Since the discovery that pneumatic CPM supports could help people with back problems when they sit, the devices have been used in a variety of settings around the world. CPM systems have been installed in automobiles and buses in places as far away as Thailand and in recliners and office seats here in the United States. United Airlines has equipped about 10,000 of its airplane seats with the commercial version of the CPM system. The seats have received the highest ratings in the company’s passenger surveys. Most recently, Good Housekeeping magazine (September 2001) gave the commercial system a four-star rating—the best among the products for back pain. But how could these commercial products help our low back pain patients at the Spine Institute of New England and the WERC?
A Federal Catch-22
First, we needed approval from the US Food and Drug Administration, which classified the system as a Class II and then a Class I device based on equivalency with a powered therapy table that could be used only in a medical facility. Subsequently, our application to the Health Care Financing Administration (HCFA) for a billing code number was rejected due to low sales volumes. This was a real eye-opener about the difficulties in entering the medical marketplace. Essentially, without major corporate financing and detailing, a small company could not pass the HCFA’s-sales volume criteria no matter how good its product was—a true catch-22.
Rehab and CPM
When patients are disabled by low back pain, and the traditional medical models of anatomic diagnosis and cure fail to restore comfort and function, rehabilitation is often the critical pathway to recovery. This is particularly true for people whose goals include returning to the physical activities of work, leisure, and daily life. When the ability to tolerate sitting is a part of those desired activities, rehabilitation should include education about postural strategies, and frequent changing of positions and stretching. When these approaches are not enough, and sitting is still limited or uncomfortable, CPM can provide a new adjunct to a total program for patients with low back pain.

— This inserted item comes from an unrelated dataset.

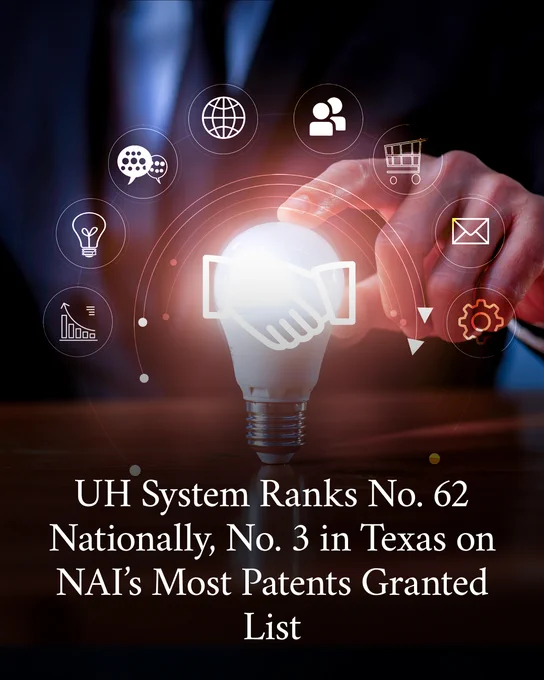A stock image of a hand touching a light bulb with different icons signaling ideas. Embossed into the foreground is the headline “UH System Ranks No. 62 Nationally, No. 3 in Texas on NAI’s Most Patents Granted List.”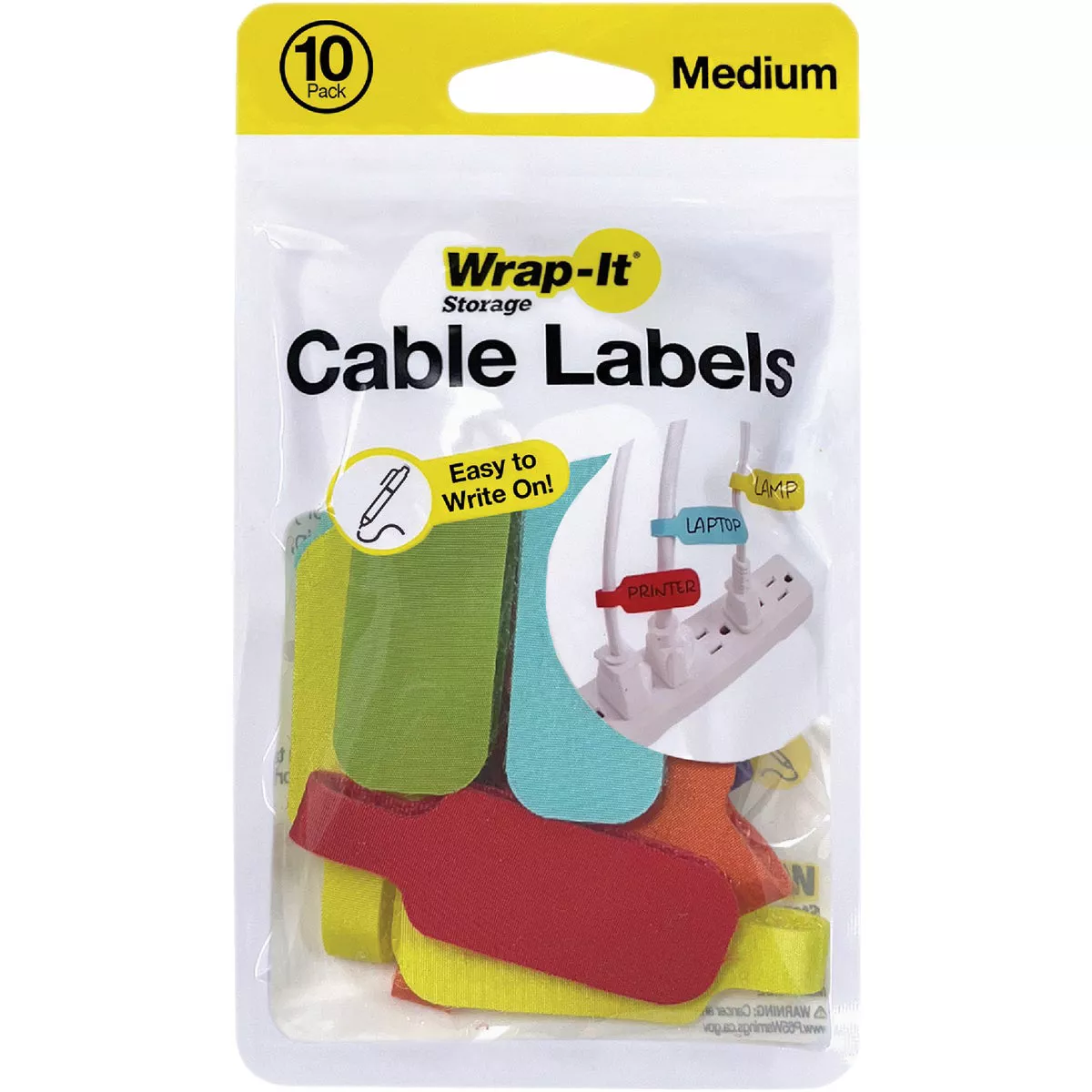 Wrap-It Storage Medium Multi-Color Cable Labels (10-Pack)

Rowland G. Hazard, MD, is a professor of orthopedics and rehabilitation. He can be reached via email: rghazardmd@aol.com.
References
1. Hazard RG, Fenwick JW, Kalisch SM, et al. Functional restoration with behavioral support: a 1-year prospective study of patients with chronic low back pain. Spine. 1989;14:157–161.
2. Hazard RG. Functional restoration of patients with chronic low back pain. In: Frymoyer JW, ed. The Adult Spine. New York: Raven Press; 1995.
3. Hazard RG, Koelbel S. Correlations between sitting intolerance and other physical impairments in people with chronic low back pain. In: Abstracts of the International Society for the Study of the Lumbar Spine; June 1994; Seattle.
4. Nachemson AL. Disc pressure measurements. Spine. 1981;6:93–97.
5. Shah JS, Hampson WGH, Jayson MIV. The distribution of surface strain in the cadaveric lumbar spine. J Bone Joint Surg. 1978;60B:246–250.
6. Andersson GBJ, Chaffin DB, Pope MH. Occupational biomechanics of the lumbar spine. In: Pope MH, Andersson GBJ, Frymoyer JWF, Chaffin DB, eds. Occupational Low Back Pain: Assessment, Treatment and Prevention. St Louis: Mosby; 1991:20–43.
7. Williams MW, Hawley JA, McKenzie RA, van Wijmen PM. A comparison of the effects of two sitting postures on back and referred pain. Spine. 1991;16:1185–1191.
8. McKenzie RA. The Lumbar Spine: Mechanical Diagnosis and Therapy. Waikenae, New Zealand: Spinal Publications; 1981.
9. Hazard RG, McKenzie RA, Mooney V. Helping your back pain patients make the most of spinal motion. J Musculoskeletal Med. 1994;11:24–35.
10. Reinecke SM, Hazard RG, Coleman K. Continuous passive motion in seating: a new strategy against low back pain. J Spinal Disord. 1994;7:29–35.
11. Hazard RG, Williams MM, McKenzie RA. Reliability of three methods for measuring prone lumbar extension. N Z J Phys Ther. 1994;22:11–13.